Le mouvement architectural post-moderne, théorisé et popularisé par les architectes américains Denise Scott-Brown et Robert Venturi, a de son côté remis en cause la théorie moderniste de la « fin de l’ornement » en disant que l’ornement n’a jamais disparu mais qu’il a seulement pris une forme différente. Pour les post-modernes, l’architecture moderne a simplement créé des « ornements géants » : le bâtiment n’a plus d’ornements, il EST lui-même l’ornement.

Quoiqu’il en soit, il devient de plus en plus rare de voir des ornements sur des édifices récents. Les façades sont souvent plates, et le phénomène va sans doute s’accentuer avec les techniques d’isolation par l’extérieur qui sont de plus en plus adoptées et préconisées dans le cadre des rénovations énergétiques ou de la construction en neuf.

Rénovation énergétique et ornement

La rénovation énergétique est un des grands sujets du moment dans le secteur du BTP. L’isolation thermique par l’extérieur est préconisé comme étant une des mesures les plus efficace pour faire des économies d’énergie, mais si vous êtes un professionnel du BTP qui travaille sur le sujet, vous avez déjà probablement été confronté à un logement ancien, à la façade ornementale, et ne pouvant faire l’objet d’un ajout d’isolation par l’extérieur. En effet, cela reviendrait à cacher les ornements (frises, bas reliefs, traitement esthétique qualitatif des matériaux…) sous une couche d’isolant. Par bon sens, nous n’avons pas envie de le faire, et quand bien même nous aurions envie, il y aura toujours le PLU ou l’ABF qui bloquera cette décision. On opte donc généralement pour une isolation intérieure, qui reste convenable malgré ce que ça implique en termes de ponts thermiques.
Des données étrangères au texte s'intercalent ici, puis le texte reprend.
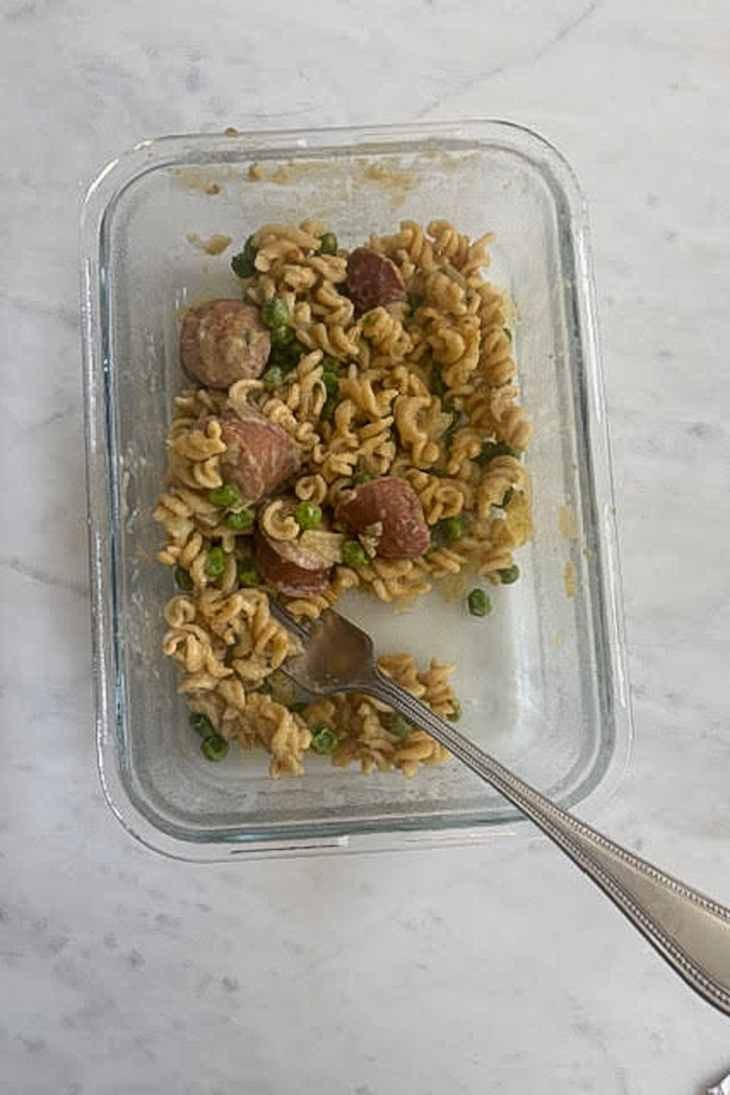 Pasta with sausage and green peas in a glass container.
Cela peut néanmoins nous amener à nous poser plusieurs questions. Comment penser une architecture pleinement performante énergétiquement, sans ponts thermiques, ET ornementale ?… L’isolation thermique moderne n’aurait-elle pas remplacé l’ornement dans sa fonction climatique ?

30 Juin 2021

Cet article a été initialement pensé pour une petite conférence de deux minutes improvisée au travail (d’où le lien avec la rénovation énergétique). C’est pourquoi il n’est pas aussi rigoureusement sourcé que les autres articles, il s’agit plutôt de réflexions à chaud (basées sur mes connaissances théoriques).